Ключевым понятием для продуктивного подхода к проблеме соотношения
христианства и русской художественной литературы является православная
традиция. Но что такое традиция? По-видимому, присутствие в
произведении культурной памяти и может быть определено как традиция.
Формы же присутствия могут быть весьма различны.
Осмысление в художественном творчестве христианской сущности
человека и христианской картины мира, имеющее трансисторический
характер, свидетельствует о собственно христианской традиции.
Эта традиция соприродна культуре русского народа и включает
в себя православные церковные представления, а также широкий
круг образуемых вокруг этих представлений как духовного ядра
традиции примыкающих к ним других культурных ярусов. Таковыми
являются, например, духовные стихи, пословицы, поговорки и другие
явления культурной жизни народа, отнюдь не «оппозиционные» православию,
но по-своему «адаптирующие» догматы церкви к народному сознанию
и, тем самым, структурирующие это сознание.

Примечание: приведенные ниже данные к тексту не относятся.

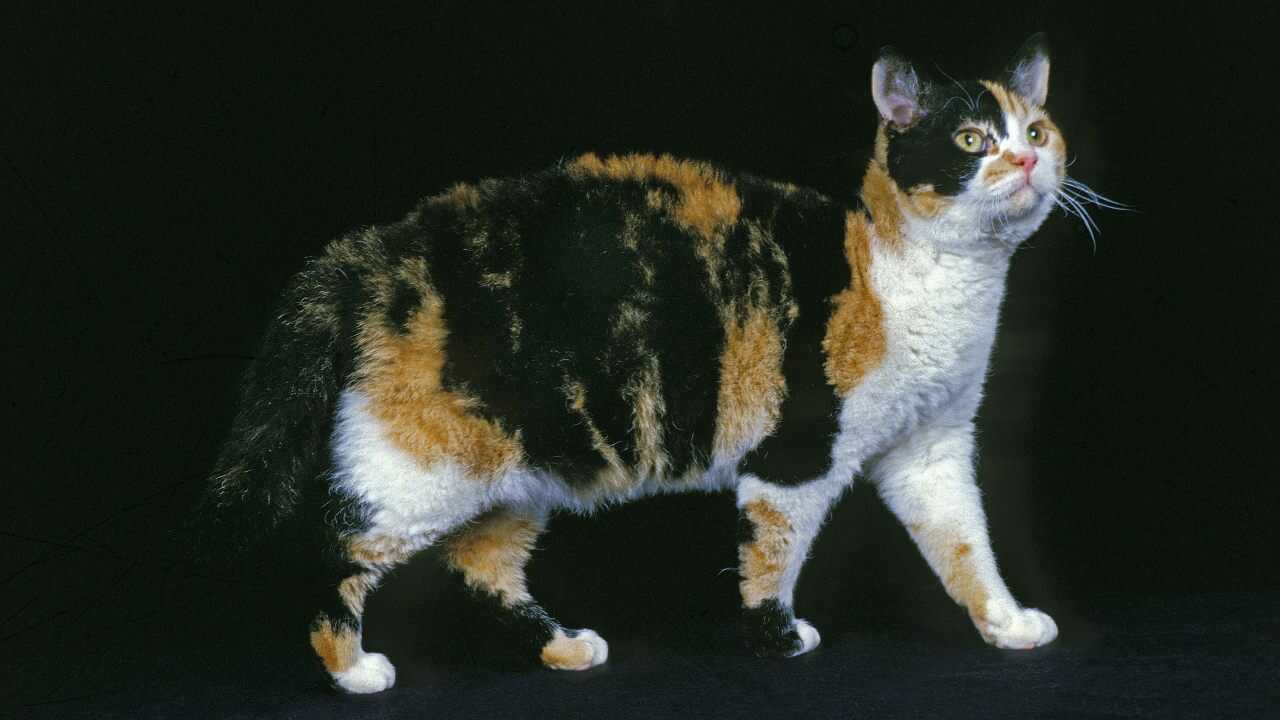 adottare american wirehair adottare american wirehair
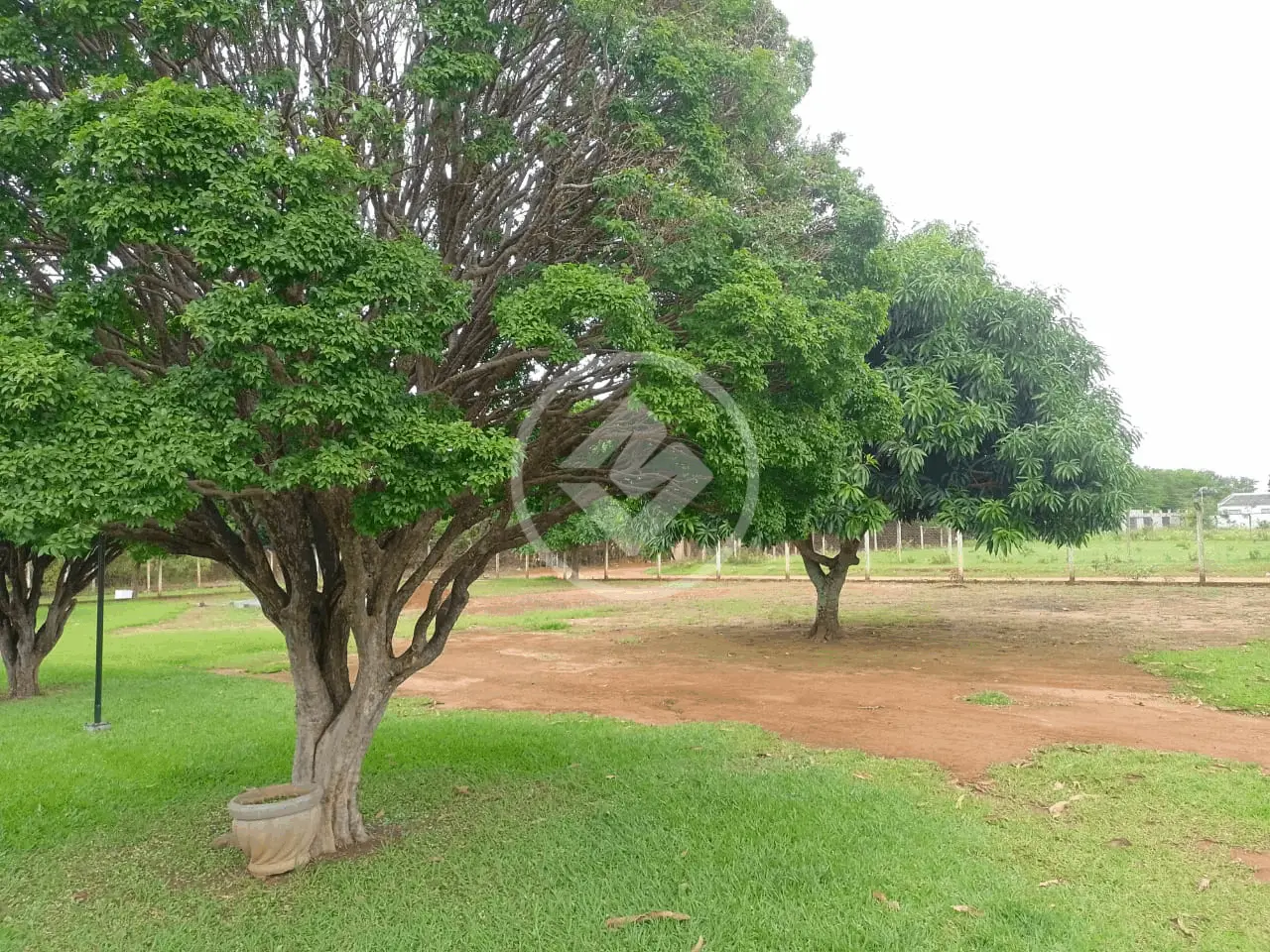 Imagem 4 - Chácara em Panorama, Uberlândia - MG
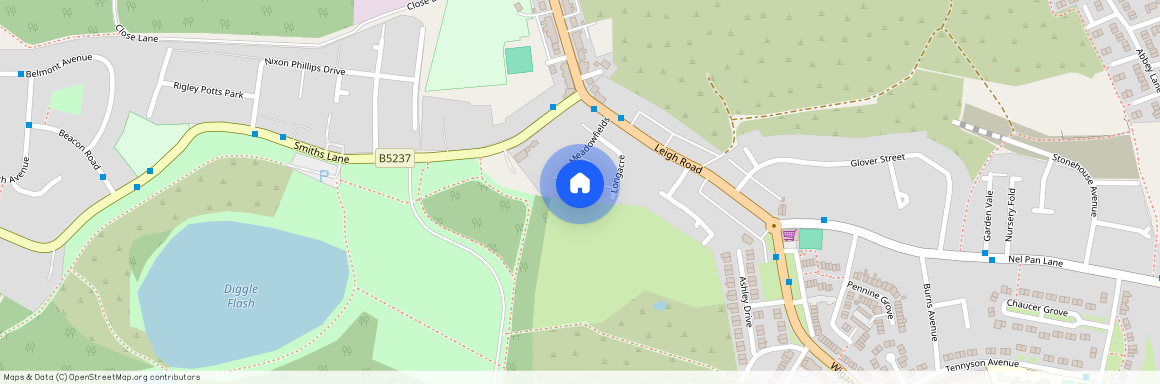 Meadowfields, Hindley Green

При этом следует отдавать себе отчет в многомерности культурного
поля. И неискушенная в богословских спорах прихожанка храма
в русской деревне и преподобный Серафим Саровский причастны
христианской традиции и радуются светлому Христову Воскресению,
однако, вместе с тем, они находятся, так сказать, на разных
ярусах единой православной культуры.
Большинство русских писателей как раз и являются носителями
русской духовной культуры, выразившими в своем творчестве как
раз тот характер, который сформировало «греческое вероисповедовании»,
согласно известному убеждению А.С.Пушкина. Не забудем и Ф.М.Достоевского,
твердо уверенного в том, что «все народные начала, которыми
мы восхищаемся, почти сплошь выросли из православия». Между
художественным языком и православной культурой существует тесная
связь, которую нельзя ни абсолютизировать, ни недооценивать.
Для адекватного описания русской литературы сама оппозиция светского
и духовного, художественного и учительного может быть верно
понята, если мы задумаемся над тем общим знаменателем, который
конституирует единство русской культуры в ее разнообразных проявлениях.
Границу между светским и духовным можно понимать не только как
разделяющую, но и соединяющую эти сферы в единстве отечественной
национальной культуры как таковой: именно в последнем случае
только и можно говорить о русской православной культуре. Такая
установка, на наш взгляд, гораздо более перспективна для исследователя
русской словесности.
Тогда как «самовольное» использование христианских образов,
намеренно идущее вразрез именно той совокупности культурных
представлений, которую и можно обозначить в качестве православной
традиции, трансформирует христианский образ мира и приводит
к искажению самой традиции.
---------------
* Выступление на конференции «Православие и русская литература»
в Арзамасском пед. институте в мае 2006 г.